What is needed
Once "Skrivbord Orazio i Charteris finish" turns up in a line below, reproduce that line and those after it exactly, stopping after the line with "Offices commercial property"; leave pictures out.

Dataset extract

================================

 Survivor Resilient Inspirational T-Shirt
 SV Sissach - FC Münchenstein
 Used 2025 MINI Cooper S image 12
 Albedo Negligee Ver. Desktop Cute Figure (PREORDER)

================================

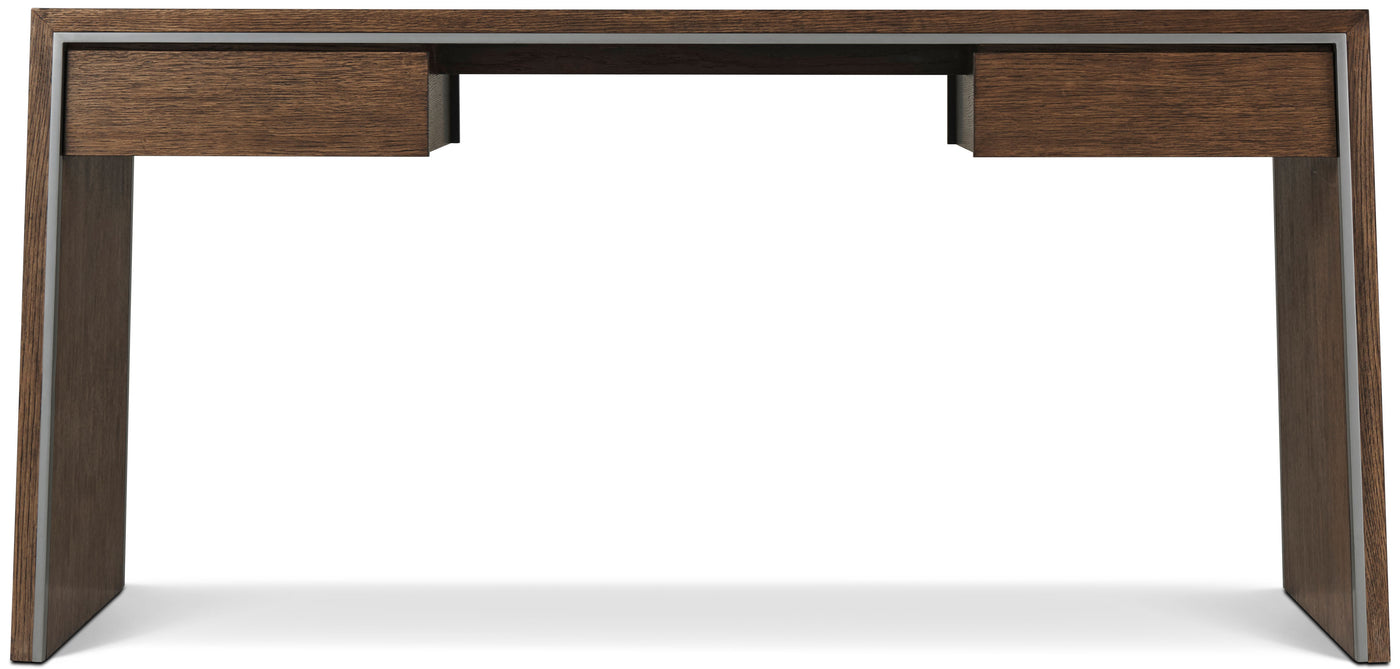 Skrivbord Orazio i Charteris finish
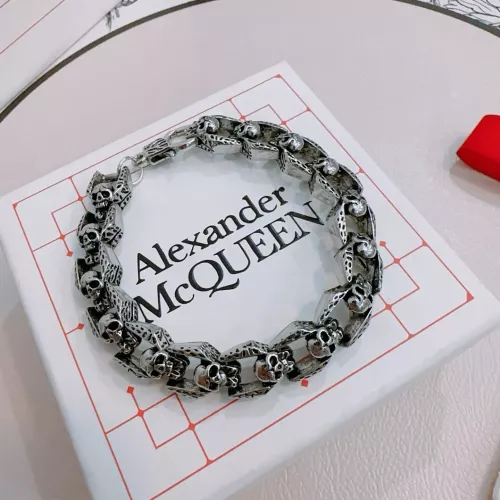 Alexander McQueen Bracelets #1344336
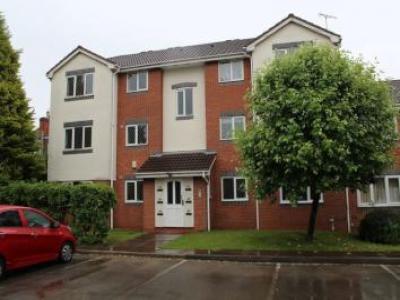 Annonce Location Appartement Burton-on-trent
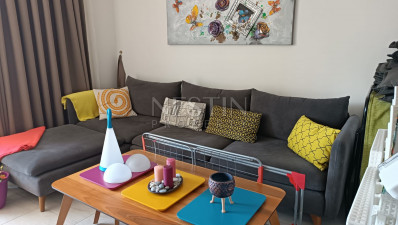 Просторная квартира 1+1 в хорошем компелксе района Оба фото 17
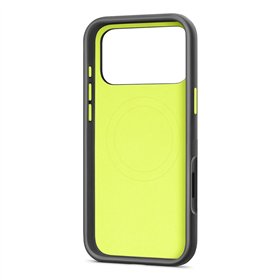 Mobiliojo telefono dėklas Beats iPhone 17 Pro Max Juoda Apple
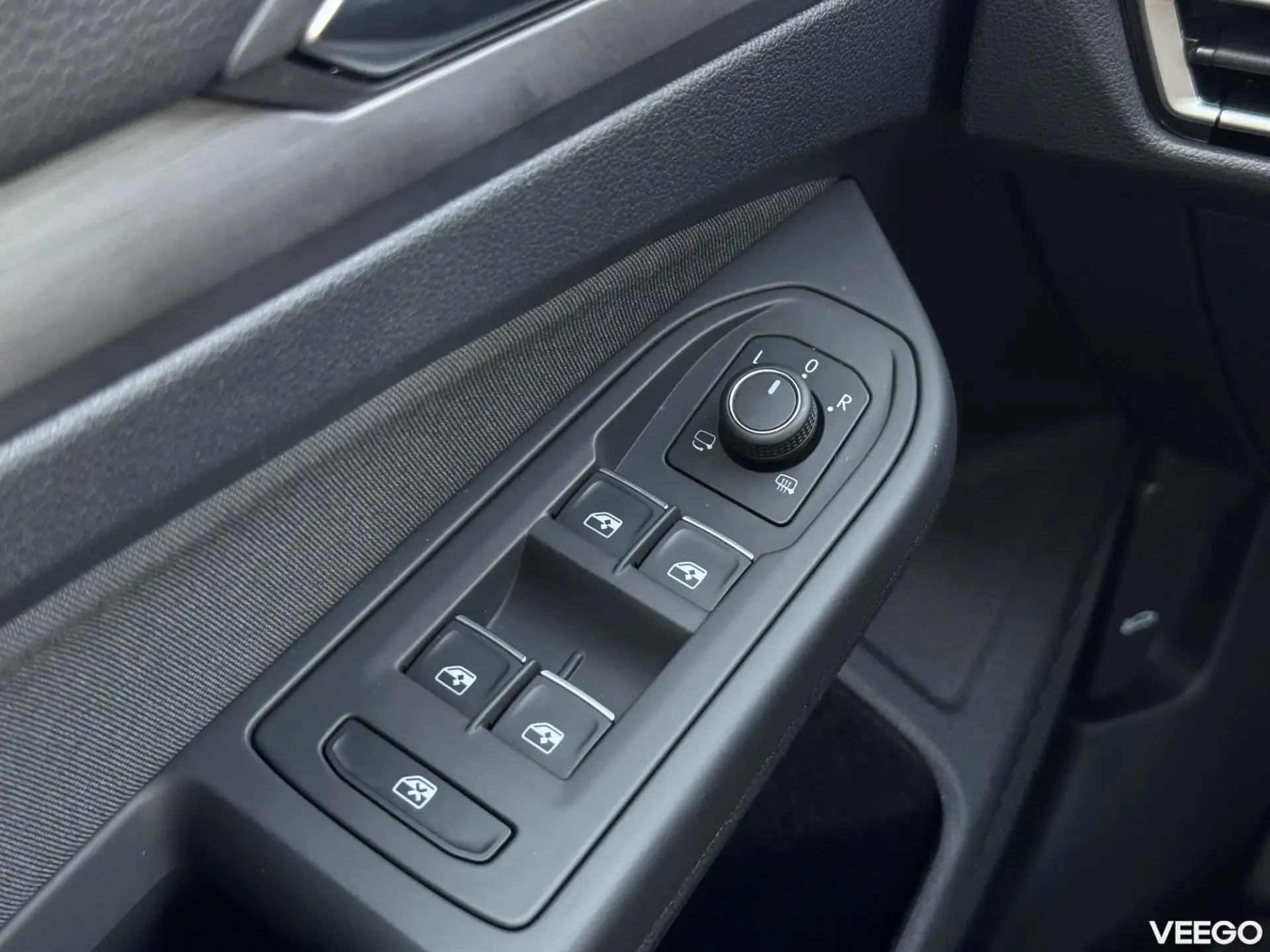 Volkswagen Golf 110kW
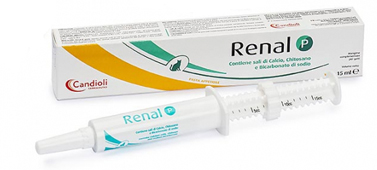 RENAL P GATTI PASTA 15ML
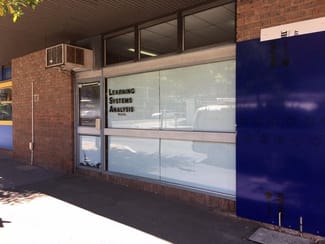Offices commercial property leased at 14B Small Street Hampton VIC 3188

================================

Completed task
 Skrivbord Orazio i Charteris finish
 Alexander McQueen Bracelets #1344336
 Annonce Location Appartement Burton-on-trent
 Просторная квартира 1+1 в хорошем компелксе района Оба фото 17
 Mobiliojo telefono dėklas Beats iPhone 17 Pro Max Juoda Apple
 Volkswagen Golf 110kW
 RENAL P GATTI PASTA 15ML
Offices commercial property leased at 14B Small Street Hampton VIC 3188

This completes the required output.